Hungary – Following a decision by the European Union to exclude 21 Hungarian Universities – that is, 182,000 students, including 30,000 international students, as well as 18,000 researchers – from various EU-funded programs (including Erasmus+ and Horizon Europe), the rectors of those universities have sent a letter of protest to the President of the European Commission, Ursula von der Leyen. The UE’s move followed a decision by the Council of the European Union “on measures for the protection of the Union’s budget against breaches of the principles of the rule of law in Hungary” – the first time the so-called “rule of law mechanism” was triggered against a member state at the request of the European Commission.
The university rectors wrote in their letter that they consider that
“the unprecedented measures taken against Hungarian higher education, which has a historical tradition of more than 650 years and has given the world many Nobel Prize-winning researchers, teachers, and world-renowned inventions, are unacceptable.”
No prior consultation
They also objected to the fact that no one had asked their opinion before the decision was announced, saying that it is the first time that such a decision made by the European Union was not preceded by consultations with the heads of the universities concerned, as well as the broader academic community.

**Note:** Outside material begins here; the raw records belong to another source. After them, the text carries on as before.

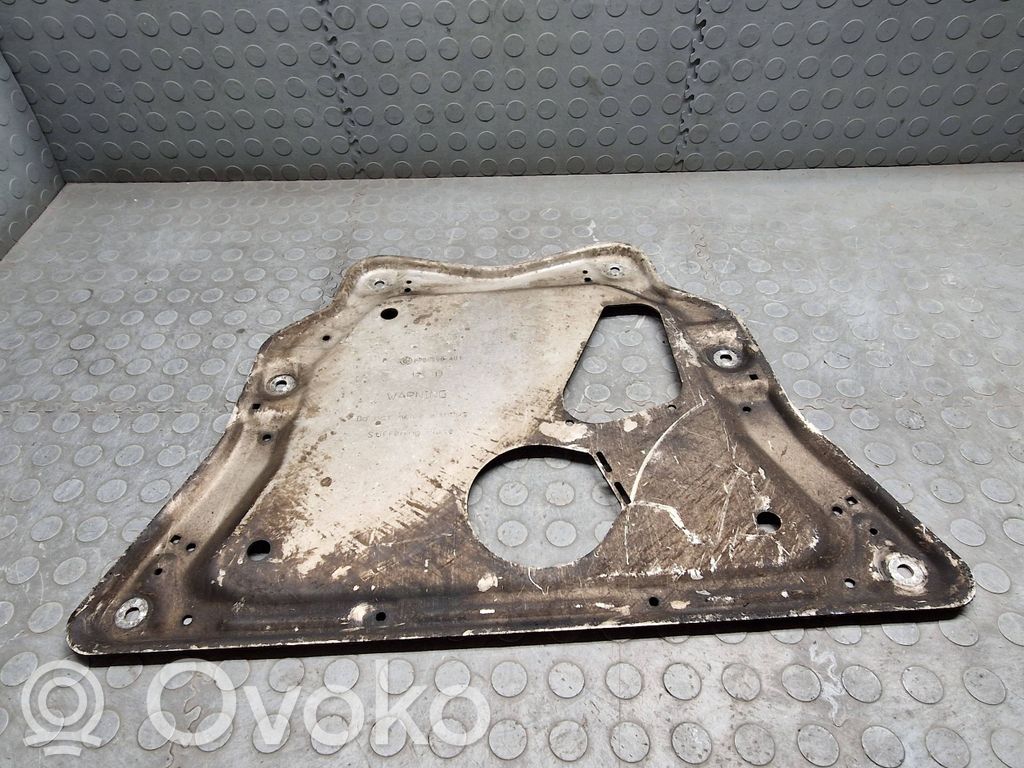 Dzinēja apakšas aizsargs   6786568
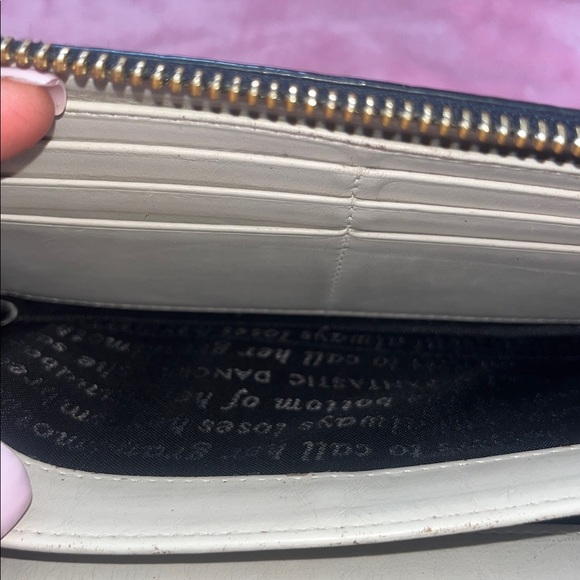 Kate Spade Storybook Lining Black and Cream Pebbled Leather Zip Around Wallet - Picture 6 of 12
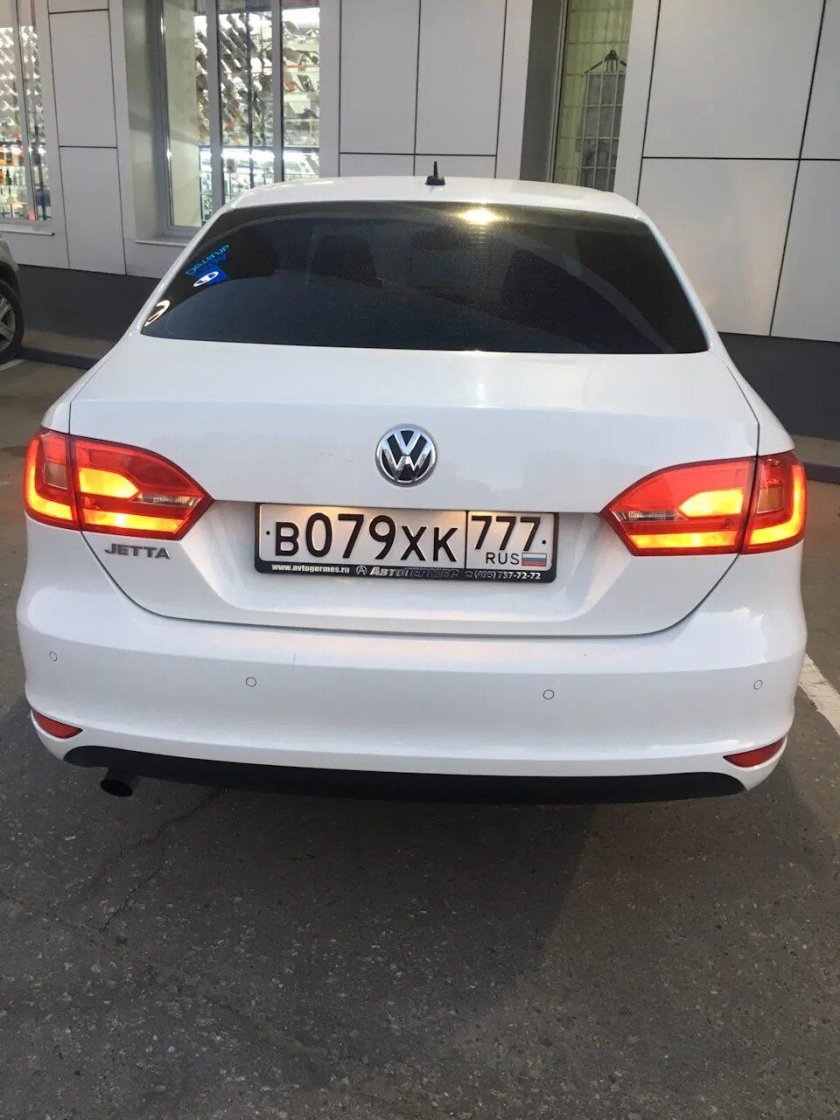 Volkswagen Jetta 6 сзади
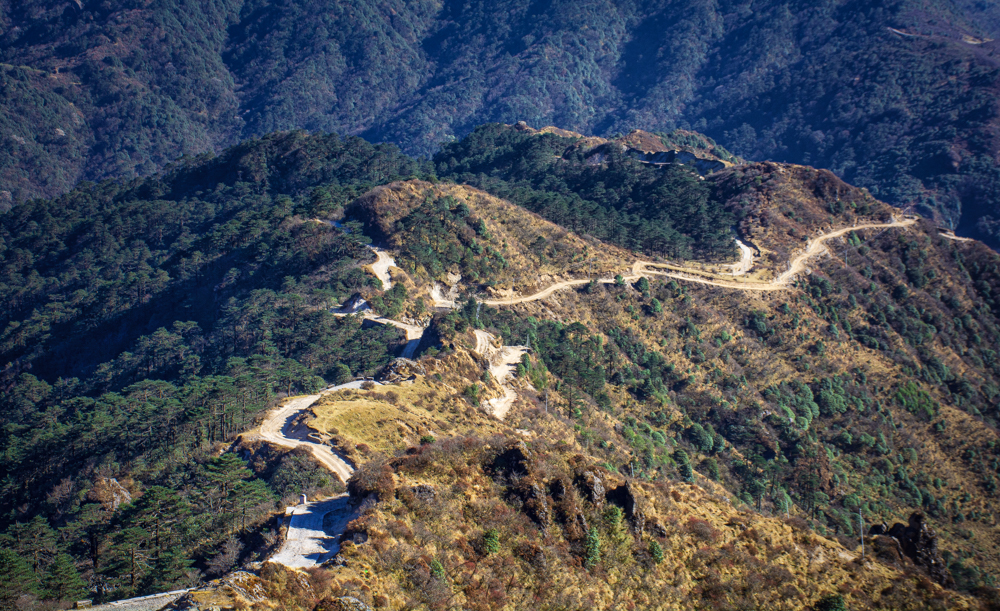 Road to Sandakphu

Hungarian academics feel discriminated against
In the rectors’ opinion, the EU’s decision restricts the freedom of education and research, as well as free competition between universities in the EU for students, teachers, and researchers.
According to them,
“the citizens of the university community concerned have become second-class citizens of the Union, in serious violation of the principle of equality among EU citizens.”

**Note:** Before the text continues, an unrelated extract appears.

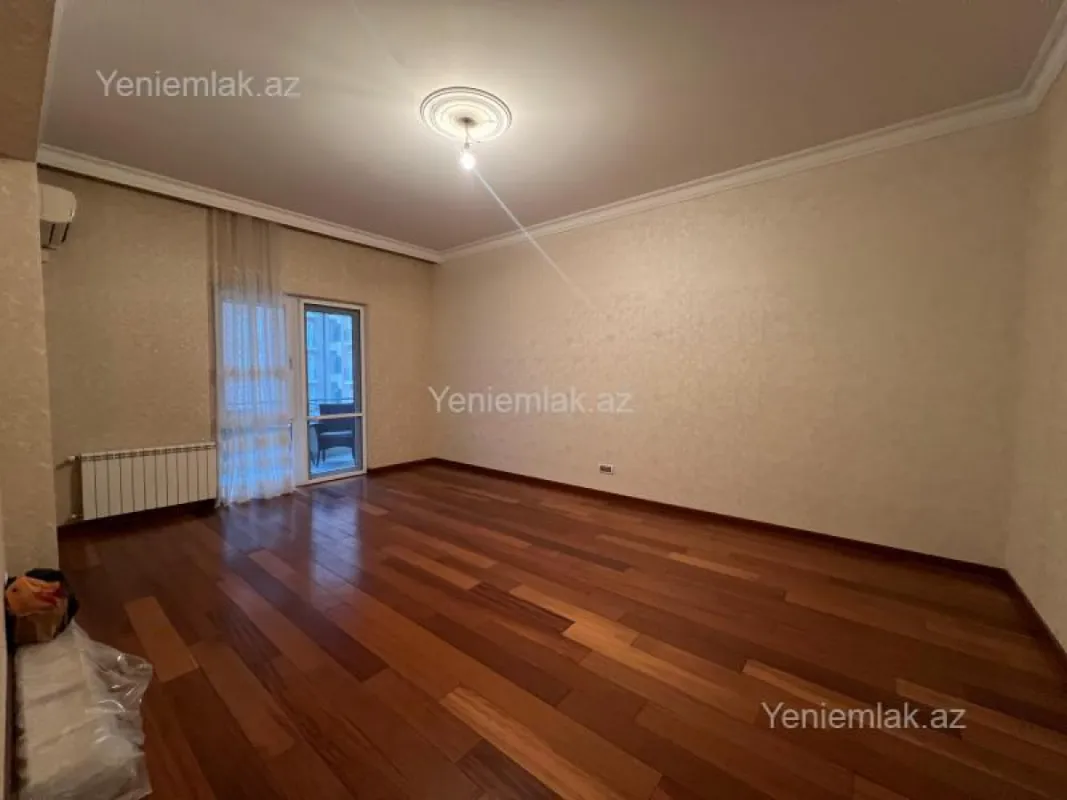 Satılır 5 otaqlı yeni tikili 250 m²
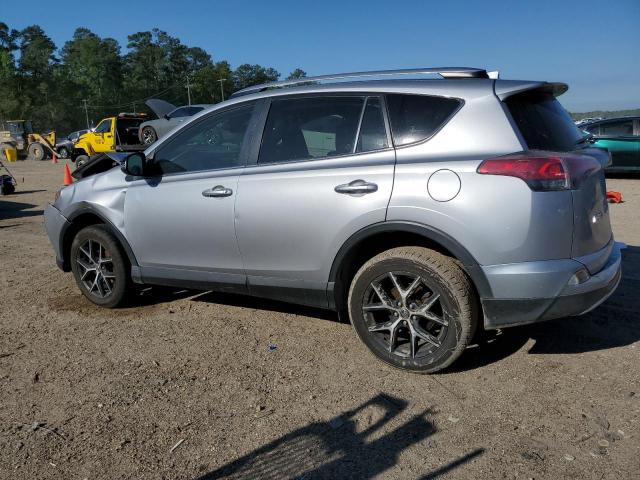 JTMNFREV5JD118035 - 2018 TOYOTA RAV4 SE SILVER photo 2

They also reminded the European Commission’s president that the Hungarian law on higher education, which has caused such a stir in Brussels, has provided adequate protection for their universities’ autonomy. Among other things, they pointed out the fact that out of 105 administrators in the 21 institutions that have adjusted their model as a result of the law, only ten have resigned – and they did so of their own free will. The 21 Hungarian rectors see this as proof that there has been no political interference by the Orbán government.
The rectors ask for the EU decision to be cancelled
The rectors further wrote in their letter that they expected the EU decision to be cancelled immediately, and that they want compensation for the damage already inflicted by it. They also expressed their regret over
a move by the European Union which they see as an infringement of “the fundamental rights of university citizens, undermining the universal values of the European spirit”.

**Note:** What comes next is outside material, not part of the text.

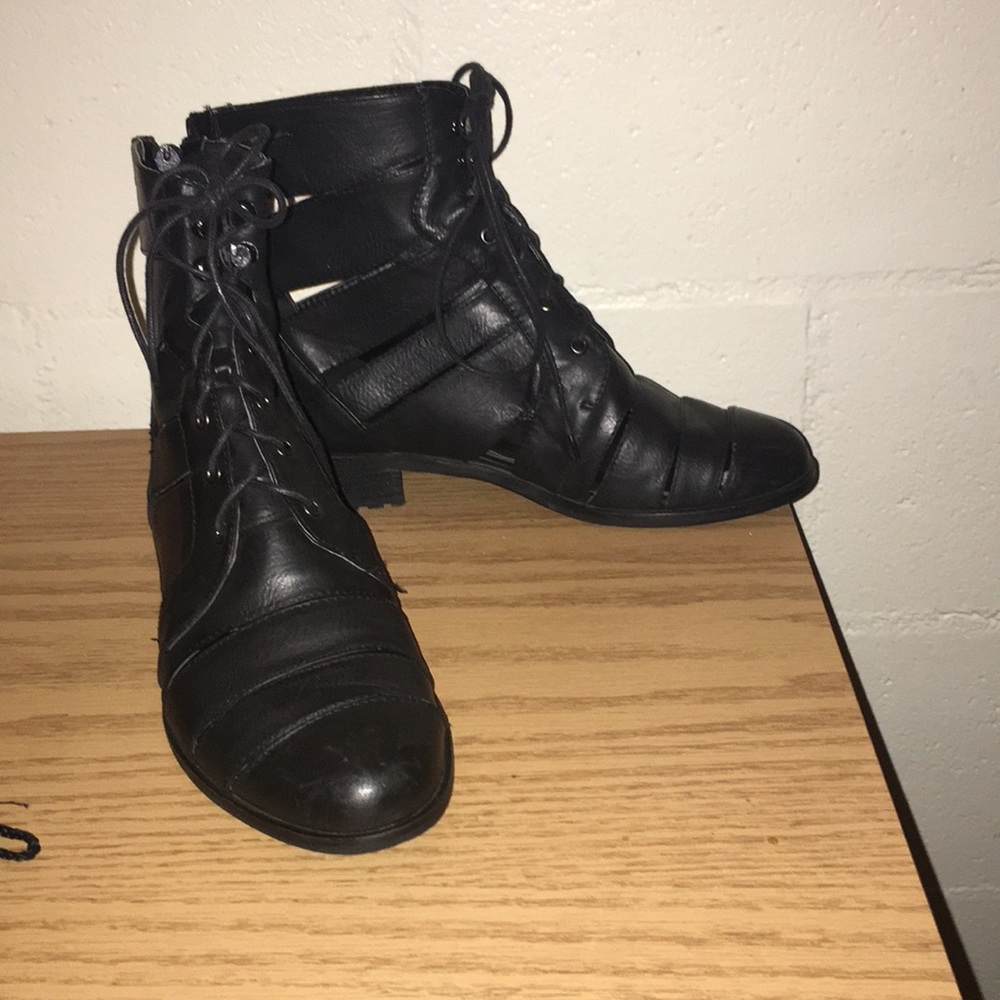 Tobi boots size 7.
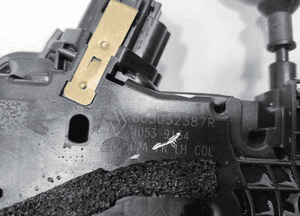 Zamek drzwi lewy przód przedni renault clio v 805032387R 2019-2024 5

An informal street poll among students in Budapest has shown that the EU’s decision is seen as unfair and unnecessary. For example, Lea, who is a 20-year-old language student at Eötvös Loránd University (ELTE), the oldest and largest university in Hungary, said that it is “an understandable measure, as the EU is trying to put pressure on the Hungarian government due to corruption, but at the same time it penalises students in an indiscriminate way and leaves us feeling bitter”. Her opinion reflects the views of many other students as well. Márk, a 23-year-old physics student at the Budapest University of Technology and Economics (BME), likewise said that “the EU might be trying to put pressure on the government through the students, but this is beside the point. First of all, nobody is going to start a revolution over Erasmus, and secondly, it deprives many [students] of having enriching experiences abroad. It’s completely counter-productive, as we are being held hostage, and it’s not going to make us like the EU more”.